Barack Obama : Le sénateur McCain n'arrête pas d'utiliser cet exemple d'un président qui s'asseoirait autour d'une table pour négocier sans pourparlers préalables. Personne n'a envisagé cela. Comme le fait fort bien le sénateur McCain, c'est une présentation fallacieuse de ma position. Lorsque l'on parle de condition préalable, et Henry Kissinger a dit que l'on devrait avoir des contacts sans condition préalable, l'idée, c'est que nous ne pouvons espérer résoudre tous les problèmes avant de commencer les pourparlers. L'administration Bush a admis que cela n'avait pas fonctionné, cette idée que nous refusons de parler à un ennemi. Et l'idée que l'on pourrait rencontrer Ahmadinejad et ne pas réagir alors qu'il profère toutes ces absurdités est ridicule. Personne n'envisage cela.

John McCain : Alors, essayons de comprendre. Nous rencontrons Ahmadinejad qui nous dit nous allons supprimer Israël de la carte et nous, nous lui rétorquons, il n'en est pas question. Allons donc ! Je pense que le docteur Kissinger, qui est mon ami depuis trente-cinq ans, serait fort intéressé par cette conservation et la conception qu'a le sénateur Obama de sa position sur cette question. Cela fait trente-cinq ans que je connais et je peux vous garantir qu'il ne préconiserait pas des pourparlers au niveau présidentiel. Bien sûr, il préconiserait – et d'autres personnes le font – des contacts et des négociations. C'est ce que l'on fait tout le temps. Le sénateur Obama détourne le sens des mots lorsqu'il dit que les conditions préalables veulent dire préparation.

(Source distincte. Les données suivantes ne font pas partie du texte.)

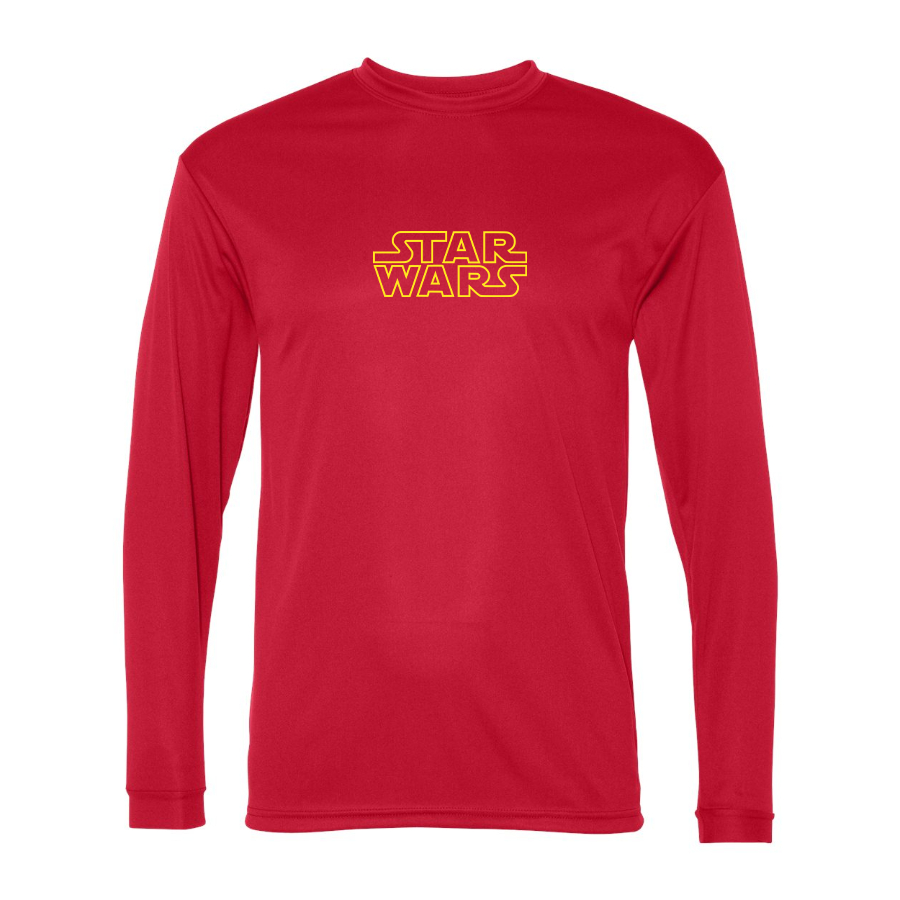 Men’s Star Wars Movie - Polyester Long Sleeve T-Shirt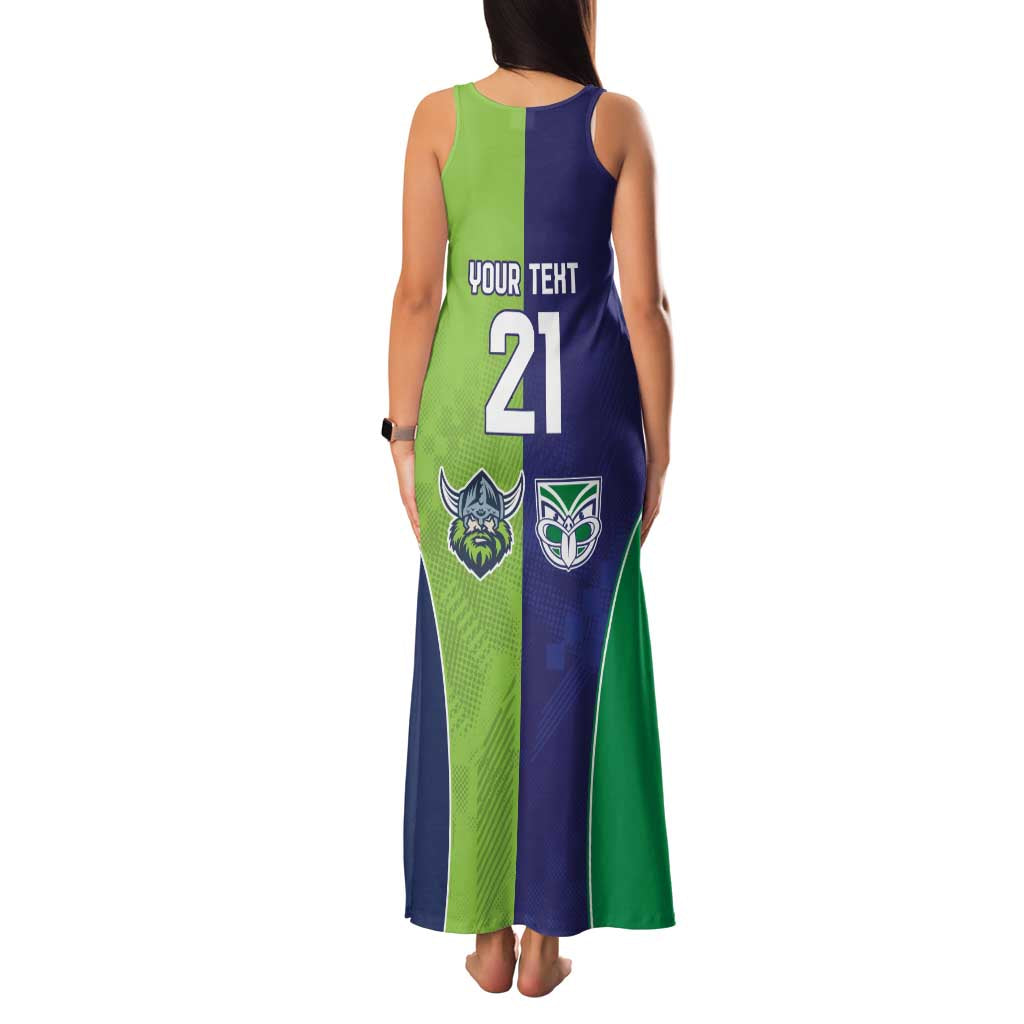 Custom Warriors-Raiders Family Matching Tank Maxi Dress and Hawaiian Shirt Together Sporty Style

Barack Obama : Je ne détourne pas le sens des mots, j'utilise les mêmes termes que ceux utilisés par vos conseillers.

Question : La Russie, 2 minutes, sénateur Obama. Comment voyez-vous les relations avec la Russie ? Vous la voyez comme concurrente ou comme ennemie ou comme partenaire éventuel ?

Barack Obama : Etant donné ce qui s'est passé depuis quelques semaines ou depuis quelques mois, notre démarche vis à vis de la Russie doit être évaluée parce qu'une Russie très agressive et renaissante est une menace pour la paix et la stabilité dans la région. Ce qu'elle a fait en Géorgie est inacceptable. Ils n'étaient pas désirés et le prochain président devra absolument respecter le cessez-le-feu en six points. Il faudra que la Russie se retire de l'Ossétie du Sud et d'Abkhazie. Il est absolument nécessaire d'avoir un front uni et d'expliquer aux Russes qu'on ne peut pas être une super puissance ou une puissance au XXIe siècle et se comporter comme une dictature du XXe siècle. Il faut également soutenir toutes les démocraties naissantes dans cette région, les Estoniens, les Lithuaniens, les Lettons, les Polonais, les Tchèques et leur montrer notre soutien et notre solidarité dans leurs efforts. Ils sont des membres de l'OTAN. Pour la Géorgie et l'Ukraine, je crois qu'il faut insister sur le fait qu'ils sont libres de rejoindre l'OTAN si ils arrivent à répondre à ses exigences. Ils doivent mettre sur pied immédiatement un plan d'action pour devenir membre de l'OTAN pour qu'on puisse les intégrer. On ne peut pas maintenant revenir à un état de guerre froide avec la Russie. Il faut reconnaître qu'il y a des domaines d'intérêt commun avec la Russie, en premier lieu la prolifération nucléaire. Ils ont 15 000 têtes nucléaires mais ils ont de quoi en construire encore 40 000 et certaines de ces armes pourraient tomber entre les mains d'Al-Qaida. C est un sujet que j'ai lancé au Sénat. J'ai travaillé un Républicain Dick Lugar pour aborder la question de la prolifération des armes nucléaires. C'est un domaine dans lequel il faudra travailler avec la Russie mais il faut être parfaitement clair : il ne faut pas uniquement regarder la Russie dans les yeux pour voir son âme, il faut parler à la Russie en lui montrant les intérêts nationaux des Etats-Unis dans le domaine de la sécurité. Il faut admettre que récemment la communauté internationale et nos alliés ont répondu fermement.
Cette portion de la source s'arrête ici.